In enterprise environments, these issues are amplified by the number of repositories involved. A migration that appears successful in one service may fail in another due to subtle differences in build configuration, dependency resolution, or test assumptions. Without automation, CI pipelines can become bottlenecks rather than safeguards during large-scale upgrades.
Automated migration approaches integrate cleanly with CI/CD workflows by applying deterministic code changes, running tests immediately, and producing reviewable pull requests. This allows teams to validate Spring Boot upgrades incrementally, maintain confidence in pipeline results, and avoid long-lived upgrade branches. By treating upgrades as repeatable, testable changes, organizations can modernize without disrupting their existing delivery processes.

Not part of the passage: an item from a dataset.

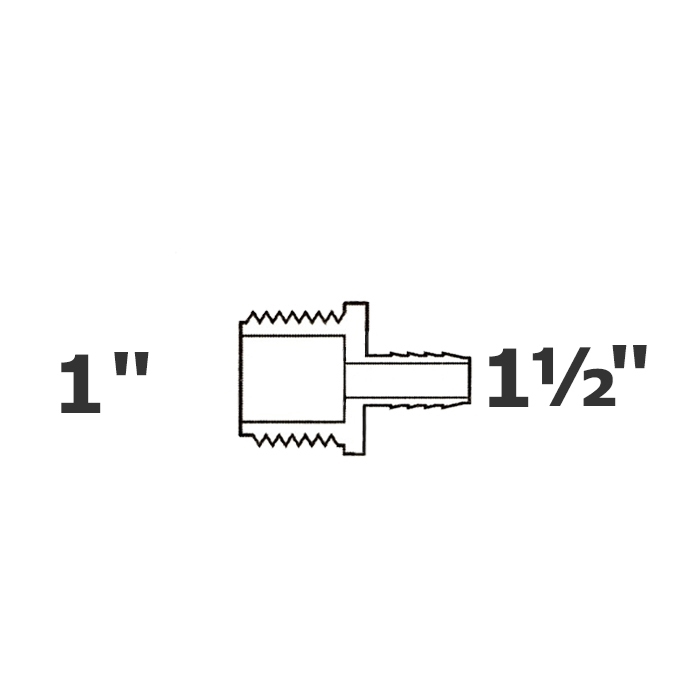 Reduced grey adapter 1 MPT x 1 1/2 ins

Yes—incremental rollouts are often the safest and most effective way to upgrade Spring Boot in large organizations. Rather than attempting a single, organization-wide upgrade, teams can migrate services in stages while maintaining visibility and control across the portfolio.
Incremental upgrades allow organizations to prioritize high-risk or high-impact services first, validate changes through CI, and address issues before expanding the rollout. This approach is especially important when dealing with framework changes that affect shared libraries or platform components, where early feedback can prevent widespread regressions.
Automation enables this model by ensuring that the same upgrade logic is applied consistently as services are migrated over time. Semantic code transformation tools make it possible to re-run upgrade recipes as frameworks evolve, allowing teams to move forward without losing track of what has already been modernized. This helps enterprises stay current with Spring Boot releases without disrupting ongoing development.